Tips on how to get over a career slump

Hitting a career slump is something that many people have experienced at some point in their lives, recent research has suggested.

Course Library, a training platform set up by jobs website CV-Library, published a survey showing that eight out of ten UK workers (80 per cent) have gone through a slow, dissatisfying period in their working lives.

Some 1,200 people between the ages of 18 and 64 took part in the poll. One in three respondents (33 per cent) who had experienced career slumps said it was the result of poor career progression.

A lack of training and development (17 per cent) and repetitive tasks (12 per cent) were other common reasons.

When participants were asked about the negative emotions they have felt in the workplace, boredom was the most common complaint, with 30 per cent of people saying it has been a problem for them in the past.

Lee Biggins, co-founder of Course Library, said: “It’s clear from our findings that many employees in the UK are hitting roadblocks in their careers. Not only is this disheartening for the worker themselves, but it can also present problems for businesses when it comes to talent retention.

“Employees need to feel as if they are moving forward in their careers and this can only be achieved if organisations are offering the right opportunities and helping members of staff to expand their skill-sets, develop and grow alongside the business.”

With career slumps and job dissatisfaction affecting a significant proportion of workers, what actions can people take to reinvigorate their careers and add some excitement and diversity to their working lives?

In the Course Library survey, 41 per cent of people who had felt dissatisfied at work said they went on to leave their job. More than a quarter (28 per cent) felt the best approach was to expand their skills through some form of training or online learning.

Other common responses include speaking to managers about opportunities for career progression (23 per cent) and asking for a mentor in the workplace (20 per cent).

For many people, one of the most exciting and liberating career prospects is to become their own boss.

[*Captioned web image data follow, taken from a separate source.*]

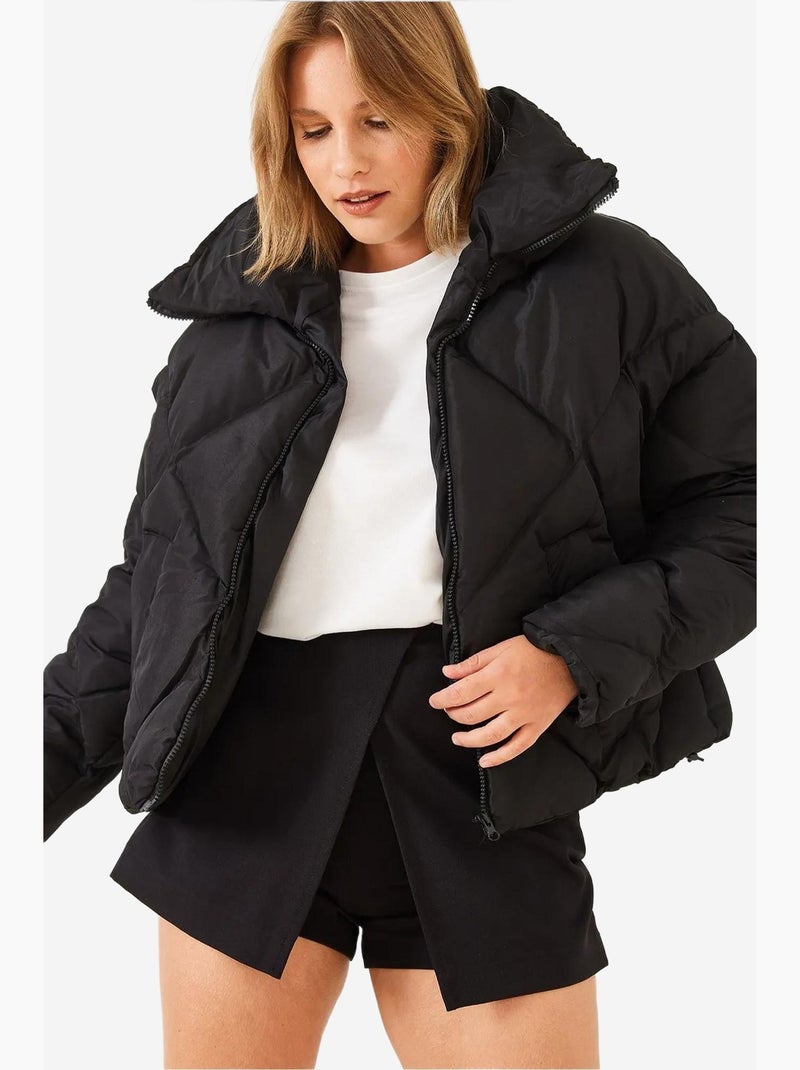 Chaqueta acolchada extragrande lucci Negro - Kiabi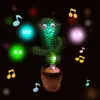 Cactus Bailarín Que Canta y Habla, Peluche, Interactivo, Recargable, Iluminado, Dinámico, Controlado por Voz, Educativo, Lindo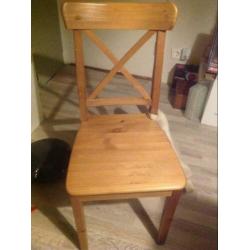 6 Ikea eetkamer stoelen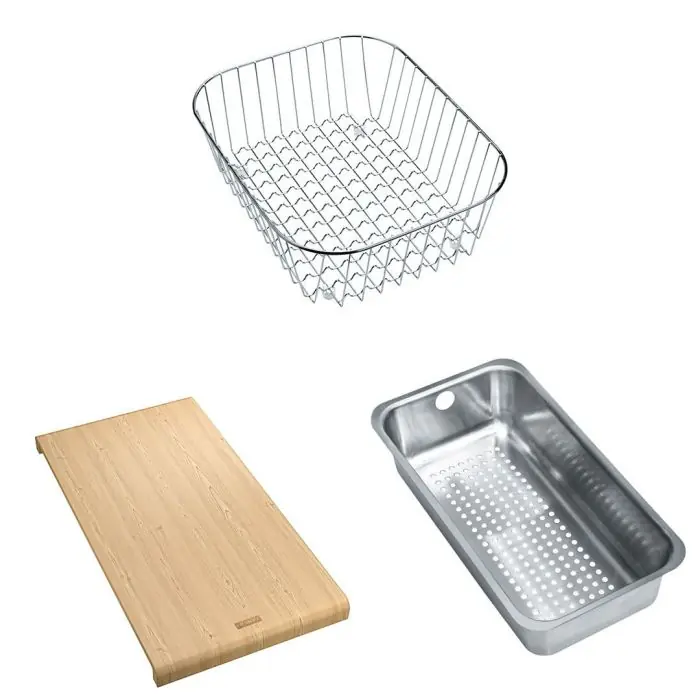 Set accessoires éviers Basis 651 – Fragranit panier égouttoir + planche + panier fil – Franke Meilleure Vente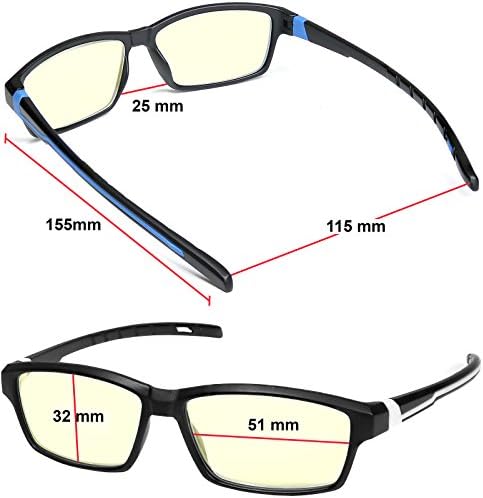 Успех очила за очила за читање против очила за блокирање на сина светлина, спортски читатели го намалуваат очите на очите за компјутери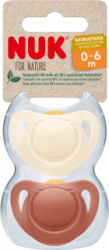 【dm】Schnuller for Nature Latex, rot/beige, Gr.1, 0-6 Monate, 2 St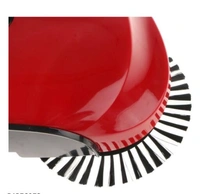 Fiber Hand Push  360 Degree Rotating Sweeping Broom  -  , RED, Fiber, Multipack of1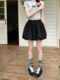 Design-sensory flower buds, high waist skirts and pants for women in summer, large size fat mm versatile slim short skirt, fluffy lantern skirt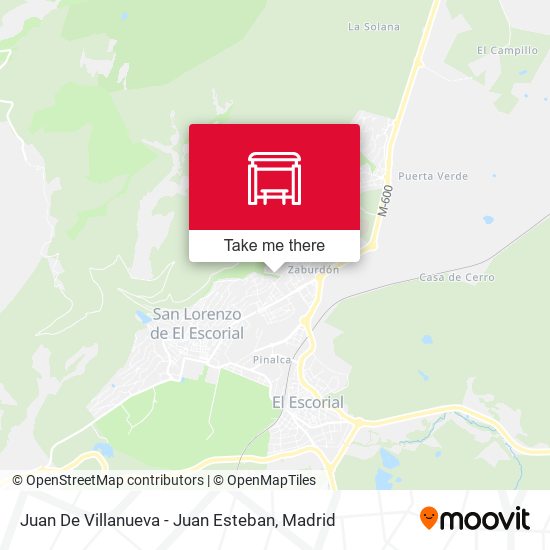 Juan De Villanueva - Juan Esteban map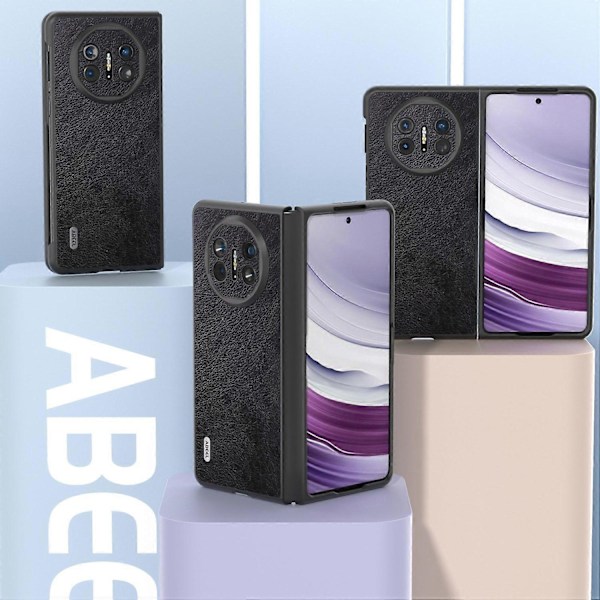 Skal för Huawei Mate X5 Lädertextur PU-läder + PC-telefonfodral Multicolor Style B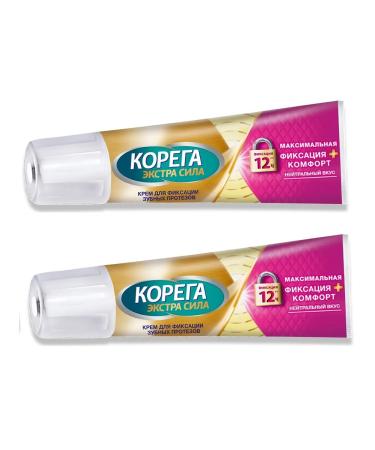 Korega Cream for Maxim. fixation of dentures 40 gr. - 2 pcs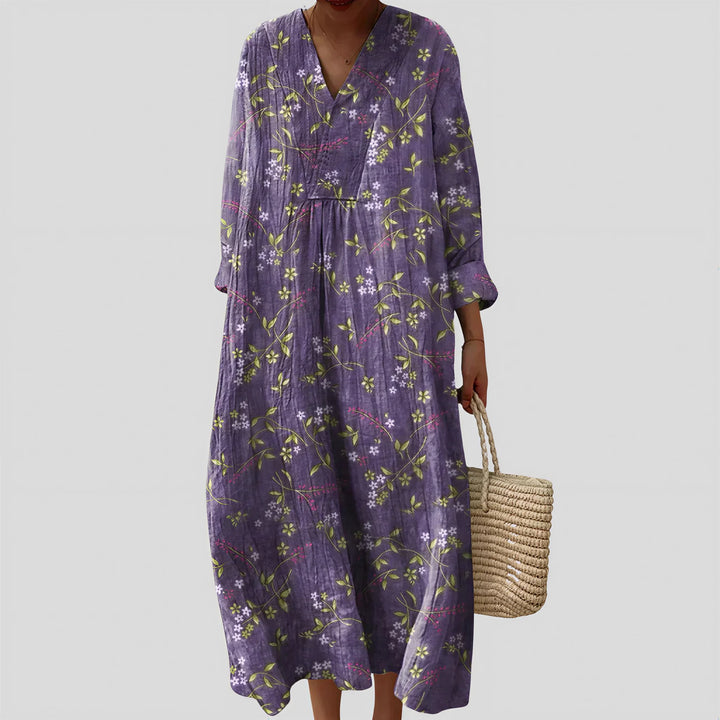 Béatrice - Purple Floral Dress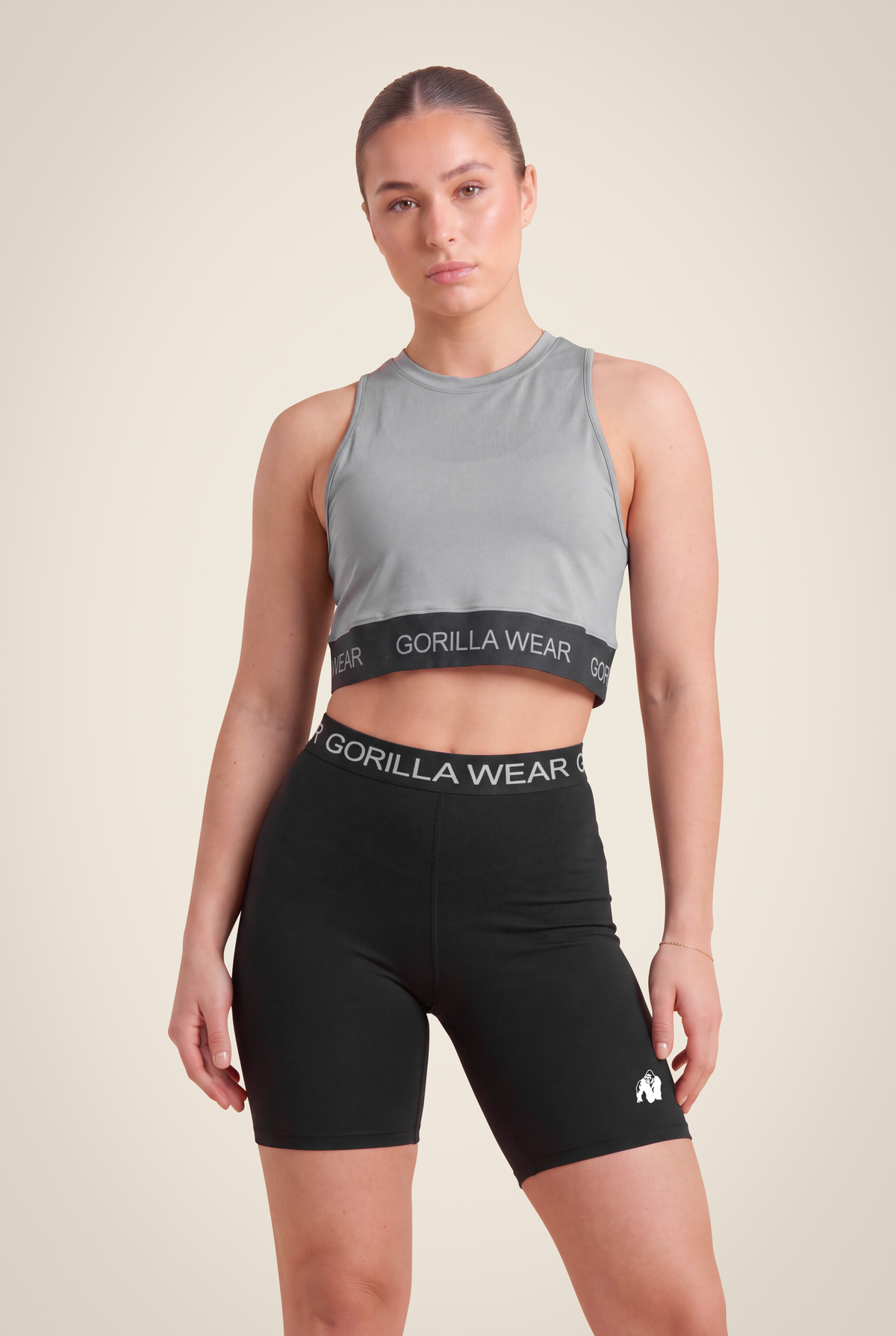 Gorilla Wear Colby Cropped Tank Top Tank Top Gray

That could mean going into freelance or contract-based work, or starting a business.

Options such as these are becoming increasingly feasible thanks to innovative, flexible working options such as short-term office hire and digital technology that allows people to work and collaborate from anywhere.

Britain is known for its entrepreneurial spirit, and research has suggested that this has not been affected by recent adversity and challenges such as the country’s impending exit from the European Union.

A survey by Idinvest Partners found that 44 per cent of the UK population still consider Britain to be the best place in Europe to start a business, ahead of closest rivals Germany.

Separate research by City Breaks in Newcastle asked business owners what they enjoy the most about their line of work, with being their own boss (76 per cent), flexible hours (64 per cent), having the final say (40 per cent) and putting their own team together (25 per cent) topping the list.

So it seems that there are many benefits to be gained from entrepreneurship that could help people get over even the most difficult of career slumps.